◆ EXERCISE AIM
Here is a listing; restate all of it exactly.

◆ EXCERPTED RECORDS
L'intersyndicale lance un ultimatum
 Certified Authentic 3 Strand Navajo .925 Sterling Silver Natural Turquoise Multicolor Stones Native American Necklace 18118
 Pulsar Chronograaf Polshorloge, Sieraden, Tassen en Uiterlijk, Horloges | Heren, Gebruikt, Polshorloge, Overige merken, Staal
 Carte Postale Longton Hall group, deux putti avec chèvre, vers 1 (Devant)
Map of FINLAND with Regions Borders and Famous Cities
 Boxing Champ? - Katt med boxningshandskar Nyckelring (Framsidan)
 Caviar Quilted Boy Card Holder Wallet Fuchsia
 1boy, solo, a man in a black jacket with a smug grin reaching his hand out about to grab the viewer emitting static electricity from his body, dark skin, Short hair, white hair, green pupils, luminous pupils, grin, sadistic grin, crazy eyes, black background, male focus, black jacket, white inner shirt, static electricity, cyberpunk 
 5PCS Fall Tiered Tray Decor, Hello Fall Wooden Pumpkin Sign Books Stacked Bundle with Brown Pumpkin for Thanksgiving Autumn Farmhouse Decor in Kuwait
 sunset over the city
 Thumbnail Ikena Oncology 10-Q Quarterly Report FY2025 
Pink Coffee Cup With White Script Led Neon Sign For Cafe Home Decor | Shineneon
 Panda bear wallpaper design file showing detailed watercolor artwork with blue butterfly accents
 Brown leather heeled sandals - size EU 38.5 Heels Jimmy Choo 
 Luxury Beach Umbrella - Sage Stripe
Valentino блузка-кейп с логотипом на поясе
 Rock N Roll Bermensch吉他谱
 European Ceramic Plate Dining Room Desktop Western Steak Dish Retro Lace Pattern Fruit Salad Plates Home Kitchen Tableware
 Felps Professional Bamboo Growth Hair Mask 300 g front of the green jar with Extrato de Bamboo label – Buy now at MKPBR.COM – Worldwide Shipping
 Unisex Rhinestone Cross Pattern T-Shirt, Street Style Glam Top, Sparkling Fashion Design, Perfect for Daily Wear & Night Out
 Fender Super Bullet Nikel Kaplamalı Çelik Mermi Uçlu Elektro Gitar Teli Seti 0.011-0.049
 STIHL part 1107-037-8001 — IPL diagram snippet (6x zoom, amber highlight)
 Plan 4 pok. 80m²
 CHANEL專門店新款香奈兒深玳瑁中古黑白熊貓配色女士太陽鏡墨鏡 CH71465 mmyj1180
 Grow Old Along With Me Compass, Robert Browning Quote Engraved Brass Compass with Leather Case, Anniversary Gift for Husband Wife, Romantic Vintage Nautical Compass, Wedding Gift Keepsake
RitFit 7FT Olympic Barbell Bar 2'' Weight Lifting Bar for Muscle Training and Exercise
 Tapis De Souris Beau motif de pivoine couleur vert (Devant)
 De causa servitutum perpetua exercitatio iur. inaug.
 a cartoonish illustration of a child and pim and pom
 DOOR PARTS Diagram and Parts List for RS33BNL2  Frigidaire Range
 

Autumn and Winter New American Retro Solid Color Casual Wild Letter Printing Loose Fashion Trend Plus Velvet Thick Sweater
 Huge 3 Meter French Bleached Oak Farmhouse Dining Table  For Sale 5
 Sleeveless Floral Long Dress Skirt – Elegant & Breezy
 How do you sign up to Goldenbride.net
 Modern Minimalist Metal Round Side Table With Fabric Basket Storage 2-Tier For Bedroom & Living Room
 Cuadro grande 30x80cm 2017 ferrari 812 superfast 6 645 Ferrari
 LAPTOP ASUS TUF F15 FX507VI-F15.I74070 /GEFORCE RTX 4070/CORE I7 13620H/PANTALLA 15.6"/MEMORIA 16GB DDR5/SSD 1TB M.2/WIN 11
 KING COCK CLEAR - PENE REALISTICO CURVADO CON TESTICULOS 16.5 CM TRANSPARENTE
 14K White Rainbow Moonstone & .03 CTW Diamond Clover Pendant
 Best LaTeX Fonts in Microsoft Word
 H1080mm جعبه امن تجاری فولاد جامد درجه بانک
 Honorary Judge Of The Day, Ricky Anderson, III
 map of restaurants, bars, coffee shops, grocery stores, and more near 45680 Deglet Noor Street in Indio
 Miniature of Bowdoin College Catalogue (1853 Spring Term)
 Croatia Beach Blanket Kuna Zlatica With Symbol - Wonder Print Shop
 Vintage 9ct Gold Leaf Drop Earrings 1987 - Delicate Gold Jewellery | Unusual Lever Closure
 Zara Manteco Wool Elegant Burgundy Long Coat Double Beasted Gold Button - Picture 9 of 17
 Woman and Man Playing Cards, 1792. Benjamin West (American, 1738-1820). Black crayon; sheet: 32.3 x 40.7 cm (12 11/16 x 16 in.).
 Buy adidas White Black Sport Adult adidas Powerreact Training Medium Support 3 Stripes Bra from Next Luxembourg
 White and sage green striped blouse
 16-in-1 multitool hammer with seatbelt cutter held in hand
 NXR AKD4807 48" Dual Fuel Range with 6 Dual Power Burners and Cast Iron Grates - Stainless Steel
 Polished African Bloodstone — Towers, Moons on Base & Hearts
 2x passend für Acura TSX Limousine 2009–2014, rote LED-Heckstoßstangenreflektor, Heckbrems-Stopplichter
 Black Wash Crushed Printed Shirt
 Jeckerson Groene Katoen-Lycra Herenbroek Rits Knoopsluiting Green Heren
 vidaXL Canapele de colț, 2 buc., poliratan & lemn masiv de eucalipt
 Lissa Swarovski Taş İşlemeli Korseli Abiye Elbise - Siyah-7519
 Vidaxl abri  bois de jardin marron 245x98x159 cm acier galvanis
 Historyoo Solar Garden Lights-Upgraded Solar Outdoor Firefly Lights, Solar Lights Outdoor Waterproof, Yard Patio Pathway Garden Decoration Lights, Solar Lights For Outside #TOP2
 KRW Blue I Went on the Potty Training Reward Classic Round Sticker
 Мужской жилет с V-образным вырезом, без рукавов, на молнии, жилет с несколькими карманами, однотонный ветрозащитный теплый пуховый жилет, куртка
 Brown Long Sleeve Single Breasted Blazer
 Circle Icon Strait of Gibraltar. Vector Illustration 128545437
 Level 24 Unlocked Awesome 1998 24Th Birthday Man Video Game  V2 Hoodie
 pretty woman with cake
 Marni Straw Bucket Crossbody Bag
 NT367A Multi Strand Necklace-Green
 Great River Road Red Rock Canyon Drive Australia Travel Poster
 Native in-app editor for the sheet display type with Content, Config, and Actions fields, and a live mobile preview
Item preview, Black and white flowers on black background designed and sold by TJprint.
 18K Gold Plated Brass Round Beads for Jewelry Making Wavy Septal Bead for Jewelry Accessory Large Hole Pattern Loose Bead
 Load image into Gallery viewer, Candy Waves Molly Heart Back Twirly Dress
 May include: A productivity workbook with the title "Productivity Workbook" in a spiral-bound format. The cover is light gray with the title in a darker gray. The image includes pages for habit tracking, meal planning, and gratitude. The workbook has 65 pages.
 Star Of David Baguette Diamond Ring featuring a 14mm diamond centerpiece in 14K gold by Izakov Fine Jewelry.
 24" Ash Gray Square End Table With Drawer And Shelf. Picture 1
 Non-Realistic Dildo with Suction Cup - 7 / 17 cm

◆ RESPONSE
L'intersyndicale lance un ultimatum
 Certified Authentic 3 Strand Navajo .925 Sterling Silver Natural Turquoise Multicolor Stones Native American Necklace 18118
 Pulsar Chronograaf Polshorloge, Sieraden, Tassen en Uiterlijk, Horloges | Heren, Gebruikt, Polshorloge, Overige merken, Staal
 Carte Postale Longton Hall group, deux putti avec chèvre, vers 1 (Devant)
Map of FINLAND with Regions Borders and Famous Cities
 Boxing Champ? - Katt med boxningshandskar Nyckelring (Framsidan)
 Caviar Quilted Boy Card Holder Wallet Fuchsia
 1boy, solo, a man in a black jacket with a smug grin reaching his hand out about to grab the viewer emitting static electricity from his body, dark skin, Short hair, white hair, green pupils, luminous pupils, grin, sadistic grin, crazy eyes, black background, male focus, black jacket, white inner shirt, static electricity, cyberpunk 
 5PCS Fall Tiered Tray Decor, Hello Fall Wooden Pumpkin Sign Books Stacked Bundle with Brown Pumpkin for Thanksgiving Autumn Farmhouse Decor in Kuwait
 sunset over the city
 Thumbnail Ikena Oncology 10-Q Quarterly Report FY2025 
Pink Coffee Cup With White Script Led Neon Sign For Cafe Home Decor | Shineneon
 Panda bear wallpaper design file showing detailed watercolor artwork with blue butterfly accents
 Brown leather heeled sandals - size EU 38.5 Heels Jimmy Choo 
 Luxury Beach Umbrella - Sage Stripe
Valentino блузка-кейп с логотипом на поясе
 Rock N Roll Bermensch吉他谱
 European Ceramic Plate Dining Room Desktop Western Steak Dish Retro Lace Pattern Fruit Salad Plates Home Kitchen Tableware
 Felps Professional Bamboo Growth Hair Mask 300 g front of the green jar with Extrato de Bamboo label – Buy now at MKPBR.COM – Worldwide Shipping
 Unisex Rhinestone Cross Pattern T-Shirt, Street Style Glam Top, Sparkling Fashion Design, Perfect for Daily Wear & Night Out
 Fender Super Bullet Nikel Kaplamalı Çelik Mermi Uçlu Elektro Gitar Teli Seti 0.011-0.049
 STIHL part 1107-037-8001 — IPL diagram snippet (6x zoom, amber highlight)
 Plan 4 pok. 80m²
 CHANEL專門店新款香奈兒深玳瑁中古黑白熊貓配色女士太陽鏡墨鏡 CH71465 mmyj1180
 Grow Old Along With Me Compass, Robert Browning Quote Engraved Brass Compass with Leather Case, Anniversary Gift for Husband Wife, Romantic Vintage Nautical Compass, Wedding Gift Keepsake
RitFit 7FT Olympic Barbell Bar 2'' Weight Lifting Bar for Muscle Training and Exercise
 Tapis De Souris Beau motif de pivoine couleur vert (Devant)
 De causa servitutum perpetua exercitatio iur. inaug.
 a cartoonish illustration of a child and pim and pom
 DOOR PARTS Diagram and Parts List for RS33BNL2  Frigidaire Range
 

Autumn and Winter New American Retro Solid Color Casual Wild Letter Printing Loose Fashion Trend Plus Velvet Thick Sweater
 Huge 3 Meter French Bleached Oak Farmhouse Dining Table  For Sale 5
 Sleeveless Floral Long Dress Skirt – Elegant & Breezy
 How do you sign up to Goldenbride.net
 Modern Minimalist Metal Round Side Table With Fabric Basket Storage 2-Tier For Bedroom & Living Room
 Cuadro grande 30x80cm 2017 ferrari 812 superfast 6 645 Ferrari
 LAPTOP ASUS TUF F15 FX507VI-F15.I74070 /GEFORCE RTX 4070/CORE I7 13620H/PANTALLA 15.6"/MEMORIA 16GB DDR5/SSD 1TB M.2/WIN 11
 KING COCK CLEAR - PENE REALISTICO CURVADO CON TESTICULOS 16.5 CM TRANSPARENTE
 14K White Rainbow Moonstone & .03 CTW Diamond Clover Pendant
 Best LaTeX Fonts in Microsoft Word
 H1080mm جعبه امن تجاری فولاد جامد درجه بانک
 Honorary Judge Of The Day, Ricky Anderson, III
 map of restaurants, bars, coffee shops, grocery stores, and more near 45680 Deglet Noor Street in Indio
 Miniature of Bowdoin College Catalogue (1853 Spring Term)
 Croatia Beach Blanket Kuna Zlatica With Symbol - Wonder Print Shop
 Vintage 9ct Gold Leaf Drop Earrings 1987 - Delicate Gold Jewellery | Unusual Lever Closure
 Zara Manteco Wool Elegant Burgundy Long Coat Double Beasted Gold Button - Picture 9 of 17
 Woman and Man Playing Cards, 1792. Benjamin West (American, 1738-1820). Black crayon; sheet: 32.3 x 40.7 cm (12 11/16 x 16 in.).
 Buy adidas White Black Sport Adult adidas Powerreact Training Medium Support 3 Stripes Bra from Next Luxembourg
 White and sage green striped blouse
 16-in-1 multitool hammer with seatbelt cutter held in hand
 NXR AKD4807 48" Dual Fuel Range with 6 Dual Power Burners and Cast Iron Grates - Stainless Steel
 Polished African Bloodstone — Towers, Moons on Base & Hearts
 2x passend für Acura TSX Limousine 2009–2014, rote LED-Heckstoßstangenreflektor, Heckbrems-Stopplichter
 Black Wash Crushed Printed Shirt
 Jeckerson Groene Katoen-Lycra Herenbroek Rits Knoopsluiting Green Heren
 vidaXL Canapele de colț, 2 buc., poliratan & lemn masiv de eucalipt
 Lissa Swarovski Taş İşlemeli Korseli Abiye Elbise - Siyah-7519
 Vidaxl abri  bois de jardin marron 245x98x159 cm acier galvanis
 Historyoo Solar Garden Lights-Upgraded Solar Outdoor Firefly Lights, Solar Lights Outdoor Waterproof, Yard Patio Pathway Garden Decoration Lights, Solar Lights For Outside #TOP2
 KRW Blue I Went on the Potty Training Reward Classic Round Sticker
 Мужской жилет с V-образным вырезом, без рукавов, на молнии, жилет с несколькими карманами, однотонный ветрозащитный теплый пуховый жилет, куртка
 Brown Long Sleeve Single Breasted Blazer
 Circle Icon Strait of Gibraltar. Vector Illustration 128545437
 Level 24 Unlocked Awesome 1998 24Th Birthday Man Video Game  V2 Hoodie
 pretty woman with cake
 Marni Straw Bucket Crossbody Bag
 NT367A Multi Strand Necklace-Green
 Great River Road Red Rock Canyon Drive Australia Travel Poster
 Native in-app editor for the sheet display type with Content, Config, and Actions fields, and a live mobile preview
Item preview, Black and white flowers on black background designed and sold by TJprint.
 18K Gold Plated Brass Round Beads for Jewelry Making Wavy Septal Bead for Jewelry Accessory Large Hole Pattern Loose Bead
 Load image into Gallery viewer, Candy Waves Molly Heart Back Twirly Dress
 May include: A productivity workbook with the title "Productivity Workbook" in a spiral-bound format. The cover is light gray with the title in a darker gray. The image includes pages for habit tracking, meal planning, and gratitude. The workbook has 65 pages.
 Star Of David Baguette Diamond Ring featuring a 14mm diamond centerpiece in 14K gold by Izakov Fine Jewelry.
 24" Ash Gray Square End Table With Drawer And Shelf. Picture 1
 Non-Realistic Dildo with Suction Cup - 7 / 17 cm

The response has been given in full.